私たち学生は、お客様にお好みのワインを注ぐ、ワインサーブを担当させていただきました。この時に見た光景を、今でも鮮明に覚えています。
講演後ということもあり、少し堅苦しい雰囲気のなか始まったテイスティング。しかし、一杯二杯と飲み進めていくうちに、お客様の笑顔が次第に増えていきます。一口飲んで、美味しいと一言。思わず笑みがこぼれるお客様の姿に、嬉しくなりました。その後も、真心込めてサーブを続けます。
少し落ち着いた頃に、ふと顔を上げました。すると驚くことに、会場のあちらこちらで、初対面のお客様同士が、楽しく会話されている光景が広がっていたのです。会場には笑い声が響き渡り、温かさで包まれていました。
ああ、これがワインがもつ力なんだ、と。
また会場では、造り手の皆さんが自らワインを注ぐ場面も、多く見られました。造り手とお客様の間で生まれる会話。造り手に聞く質問といえば、お酒の原料や製造方法が定番ですが、ワインとなると、多くのお客様が質問されるのは「造り手の人生」について。その人が今までどんな人生を歩んできたのか。どのようなことを感じて、何を大事にして生きているのか。造り手の人柄と思いが色濃くあらわれるワインだからこそ、飲み手もその人について知りたくなる。何とも奥深くありませんか……?
会の後半では、私たち学生も参加者や運営の方々と、ワイン片手にお話させていただきましたが、初対面にもかかわらず、心の距離がすごく近く感じました。このワイン美味しいですね、どのワインが好きでしたか? という会話ではじまり、各々の人生について語り合う。ワインには、心の距離を近づける力があると感じました。
お客様、造り手、運営陣。
あの場にいた全ての人が、ワインを通じて一つになった気がしました。
最後に
終了時刻の17時になると「もう終わっちゃうの」「凄く楽しかった」という声が、会場に溢れます。
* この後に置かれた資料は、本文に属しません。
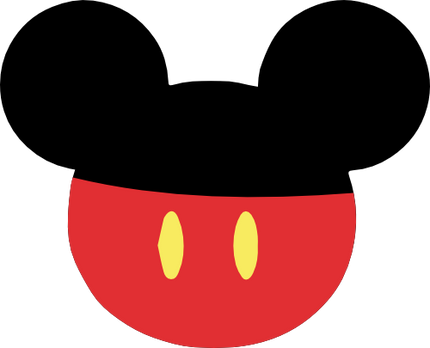(351-D1-1O) Mickey Mouse Head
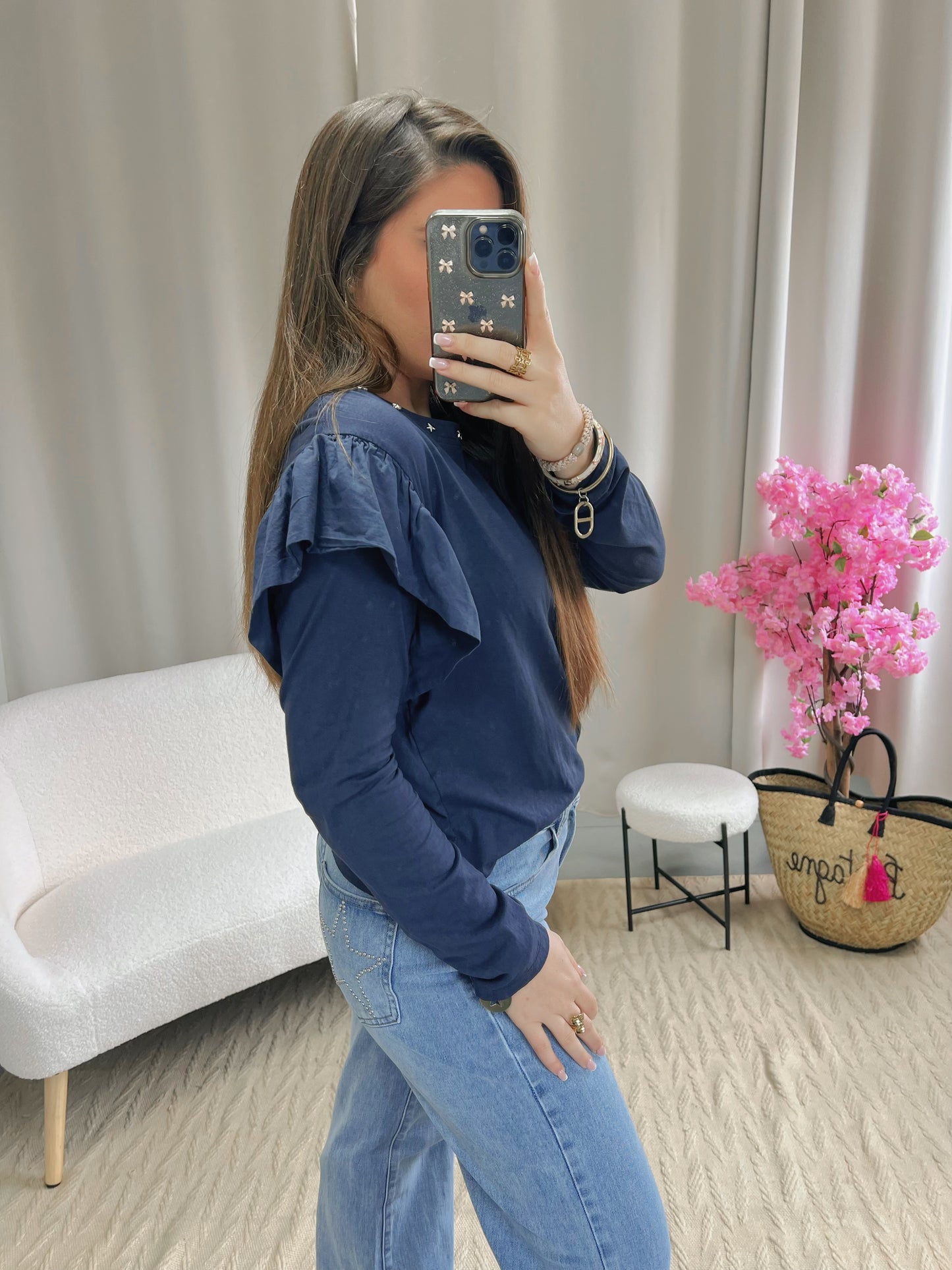 Tee-shirt MILA bleu marine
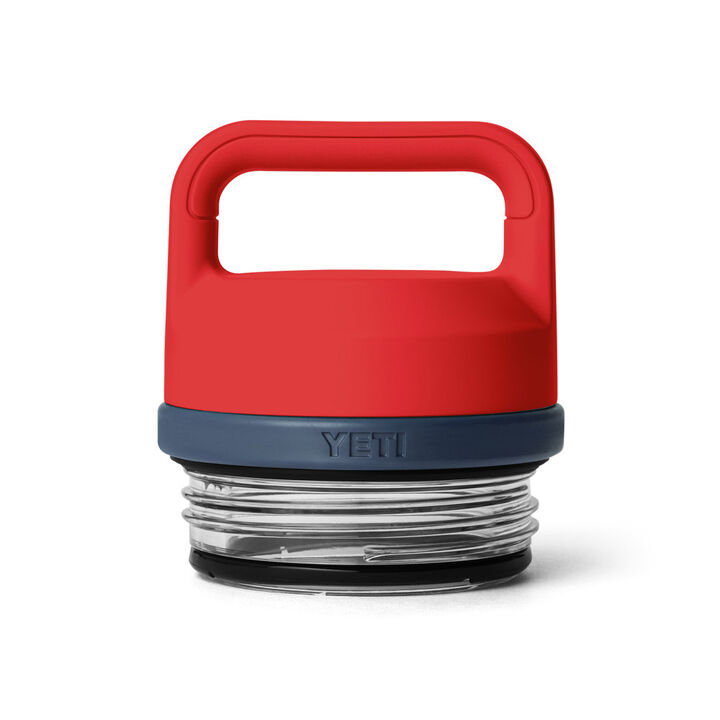 Yeti Rambler Bottle Chug Cap Rescue Red and Navy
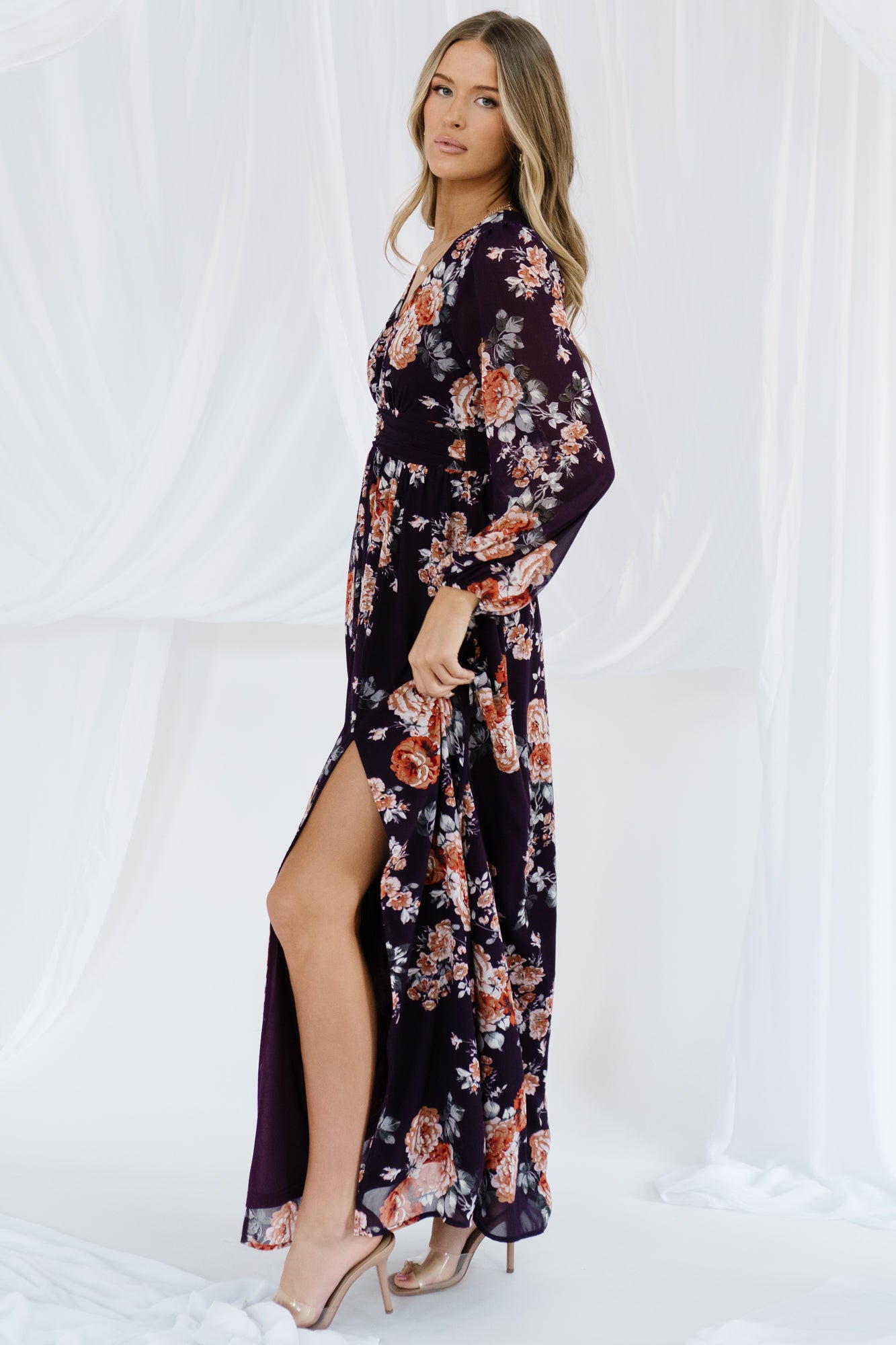 Adira Maxi Dress | Plum Floral
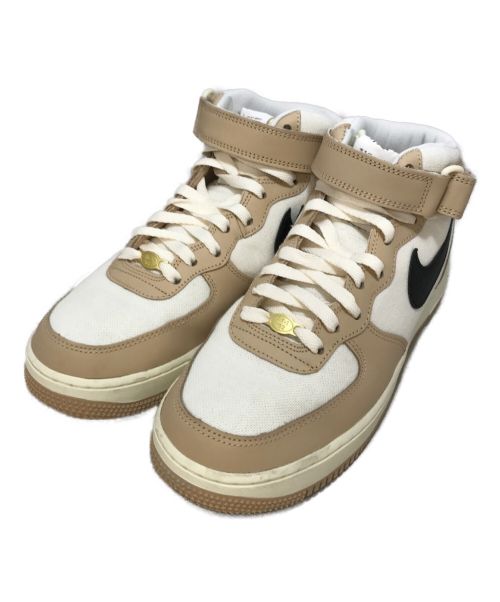 NIKE（ナイキ）NIKE (ナイキ) AIR FORCE 1 MID '07 LX（エアフォース1 ミッド） ベージュ サイズ:UK7の古着・服飾アイテム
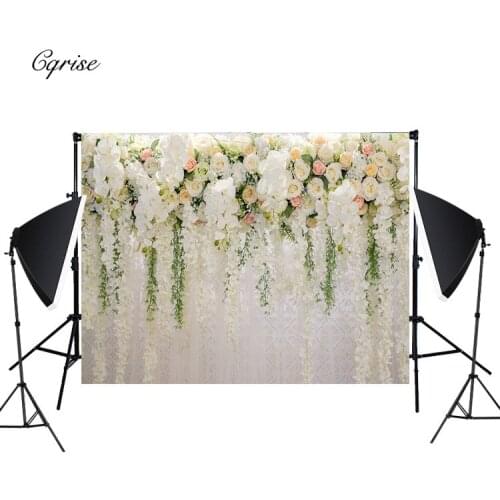Full Flower Photo Shoot Backdrops Married Wedding Background for Photography Studio Wedding Decoration 1.5x2.1m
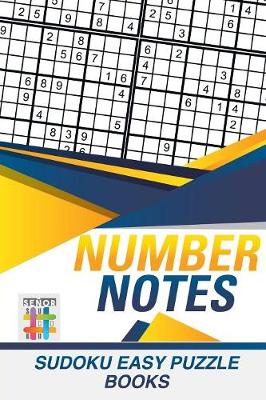 Book cover for Number Notes Sudoku Easy Puzzle Books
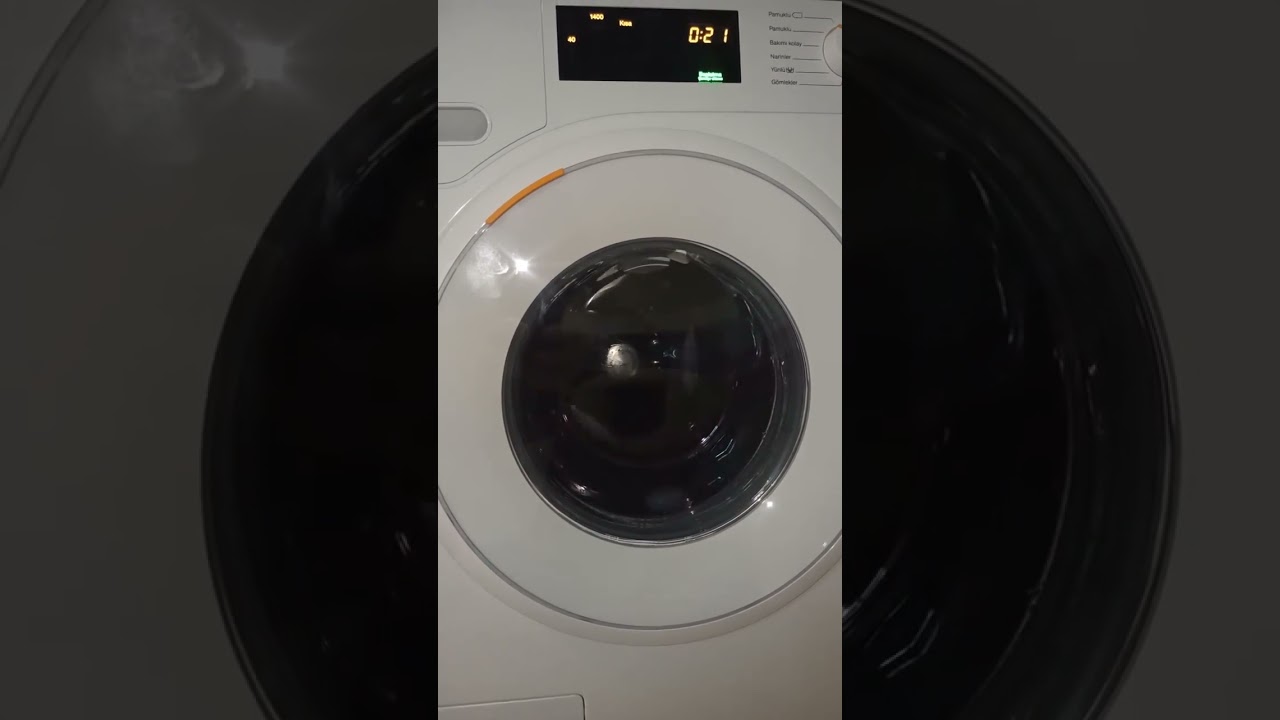 miele w1 selection washing machine unbalanced intermediate spin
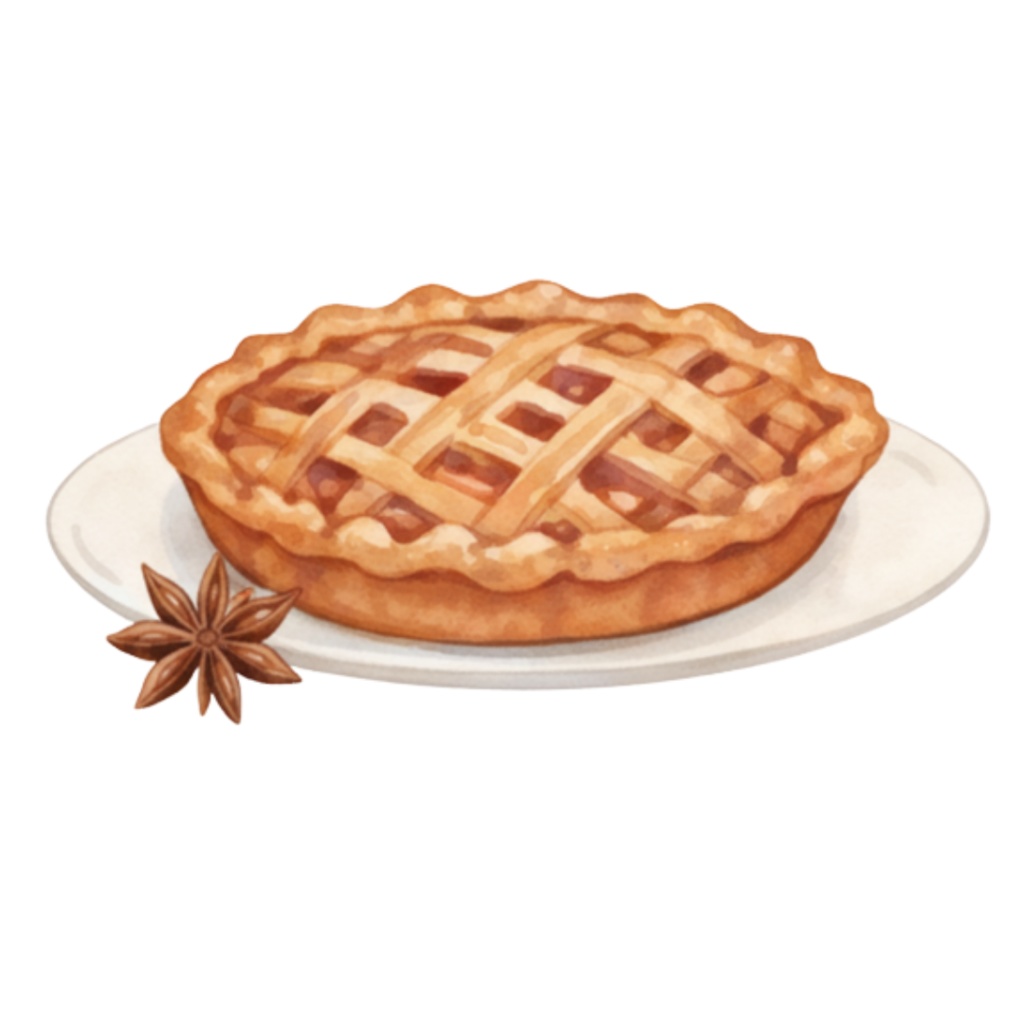 水彩スイーツ&読書 クリップアートセット(全12点)|PNG Watercolor Sweets & Reading Clipart Set (12 PNGs)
そして暗闇の中に消えていくお客様の後ろ姿からは、幸福を感じました。
ワインの知識だけでなく、美しい時間も手に入れることができた本イベント。
ワインはただのお酒じゃない。
空間を彩り、人と人をつなぐ架け橋になる。
そんなパワーを持っている。
一日を通じ、私たちはそれを確信しました。
最後まで読んでいただき、ありがとうございます。
次回の記事も、読んでいただけたら嬉しいです!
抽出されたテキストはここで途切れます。